#### WHAT IS NEEDED:
Below is a listing to write out in full, exactly as given, without its pictures.
### DATASET EXCERPTS ###
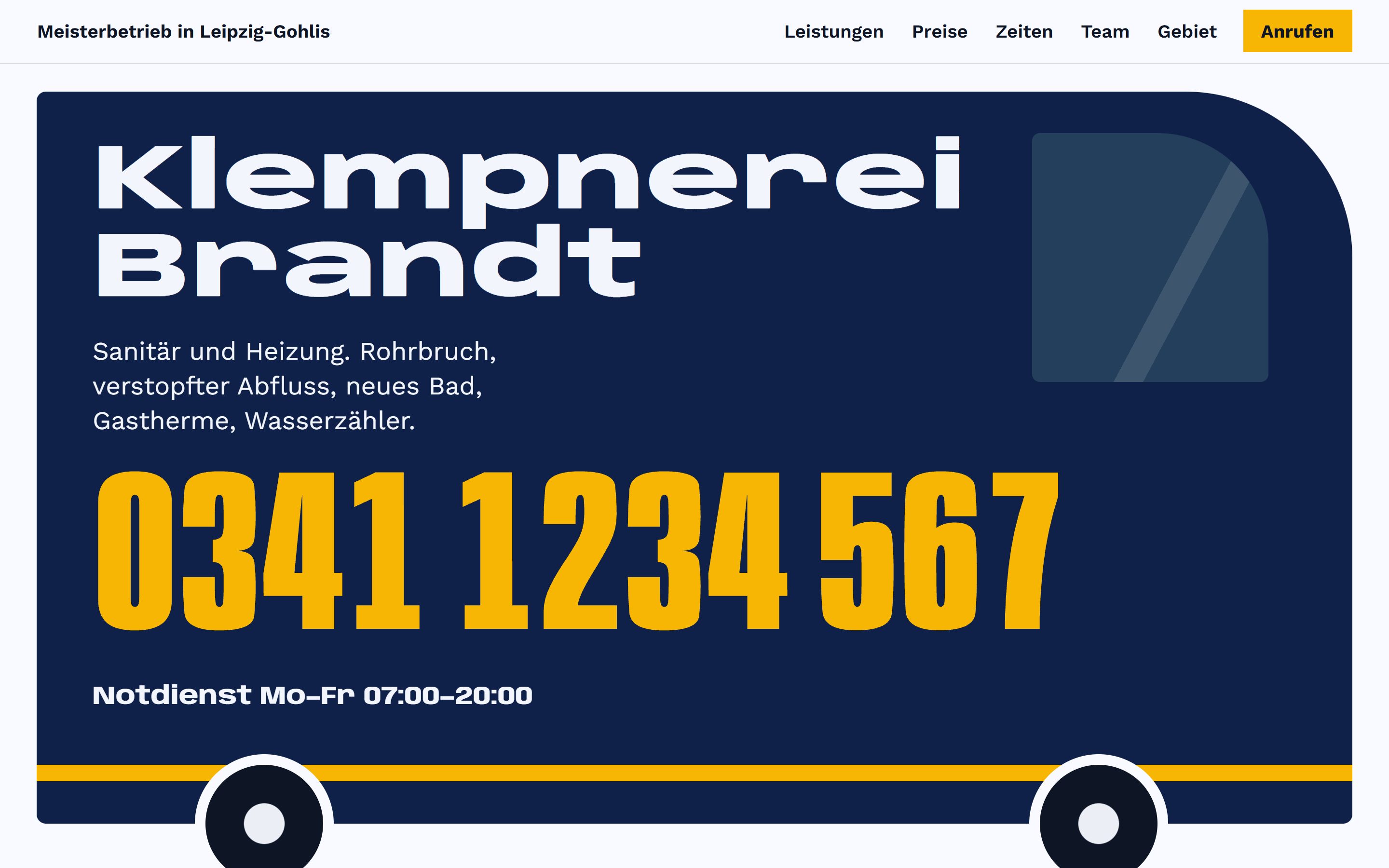 Klempnerei Brandt at desktop width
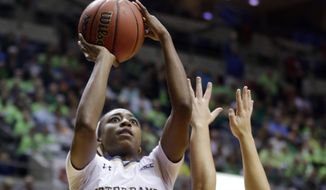 Notre Dame guard Jewell Loyd, left, shoots over Maryland guard Kristen Confroy in the first half of an NCAA college basketball game in Fort Wayne, Ind., Wednesday, Dec. 3, 2014. (AP Photo/Michael Conroy)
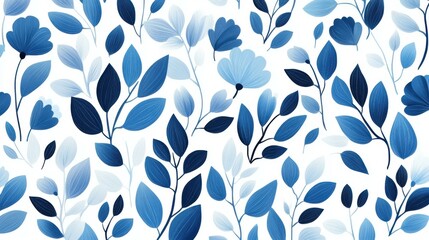 Wall Mural - Modern vector design showcasing abstract bluebell flowers and lush leaves, perfect for a fresh floral background.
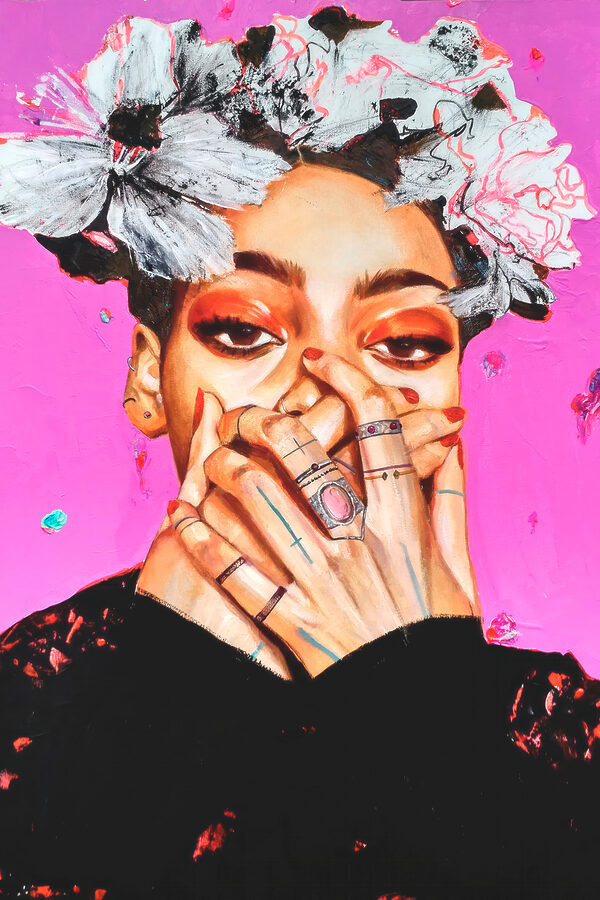 A painting of a woman with her hands over her mouth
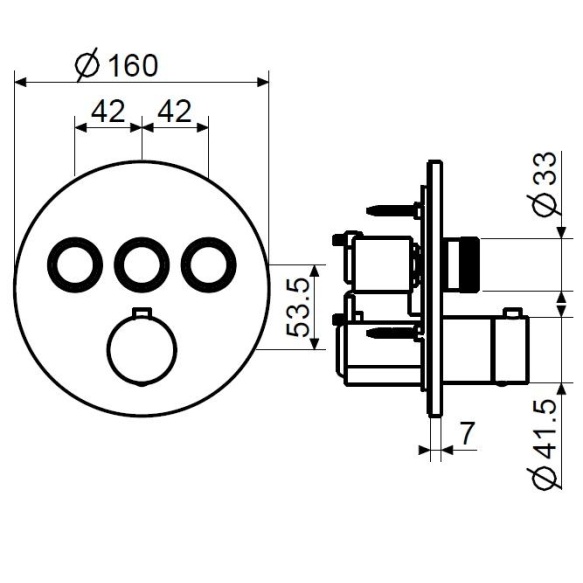 3 veeväljundiga termostaatsegisti Eden Round seinapealne osa, matt valge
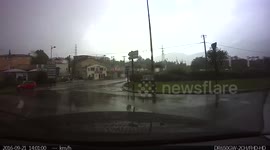 Intempéries à Grasse, vues depuis la voiture. 21 septembre 2016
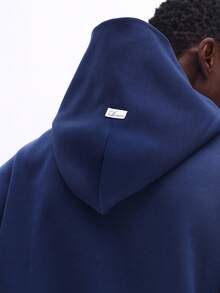 SUMWON 男士刺绣连帽衫，带中央口袋，长袖休闲冬季套头衫，海军蓝/皇家蓝 - 藍色 - 查看 5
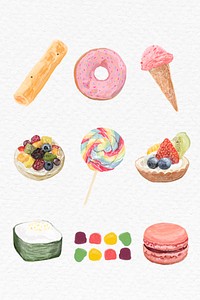 Sweet desserts psd watercolor collection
###
#### SOLUTION TO THIS PROBLEM:
 Klempnerei Brandt at desktop width
 Notre Dame guard Jewell Loyd, left, shoots over Maryland guard Kristen Confroy in the first half of an NCAA college basketball game in Fort Wayne, Ind., Wednesday, Dec. 3, 2014. (AP Photo/Michael Conroy)
 Wall Mural - Modern vector design showcasing abstract bluebell flowers and lush leaves, perfect for a fresh floral background.
 A painting of a woman with her hands over her mouth
 3 veeväljundiga termostaatsegisti Eden Round seinapealne osa, matt valge
 Intempéries à Grasse, vues depuis la voiture. 21 septembre 2016
 SUMWON 男士刺绣连帽衫，带中央口袋，长袖休闲冬季套头衫，海军蓝/皇家蓝 - 藍色 - 查看 5
 Sweet desserts psd watercolor collection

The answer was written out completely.